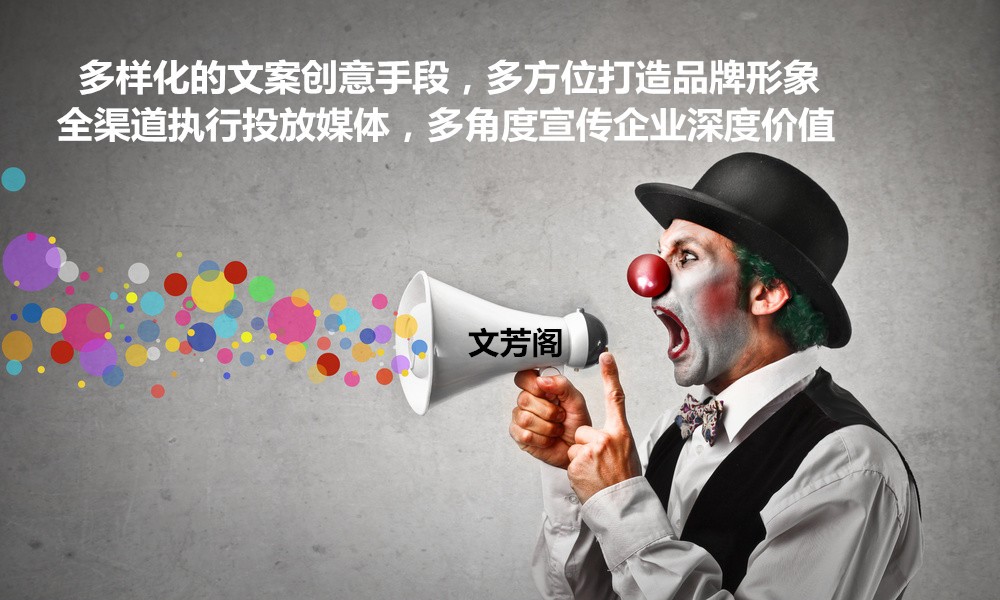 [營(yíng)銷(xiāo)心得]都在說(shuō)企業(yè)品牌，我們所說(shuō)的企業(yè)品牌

◆ ◆ ◆ ◆

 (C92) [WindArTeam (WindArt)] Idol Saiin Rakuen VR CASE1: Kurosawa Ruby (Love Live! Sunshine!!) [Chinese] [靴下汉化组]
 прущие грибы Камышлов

◆ ◆ ◆ ◆

§ WORK REQUIRED:
Using the entries above, return exactly the lines from the line with "(C92) [WindArTeam (WindArt)]" to the line with "прущие грибы Камышлов", counting both of those lines.

§ YOUR RESPONSE:
 (C92) [WindArTeam (WindArt)] Idol Saiin Rakuen VR CASE1: Kurosawa Ruby (Love Live! Sunshine!!) [Chinese] [靴下汉化组]
 прущие грибы Камышлов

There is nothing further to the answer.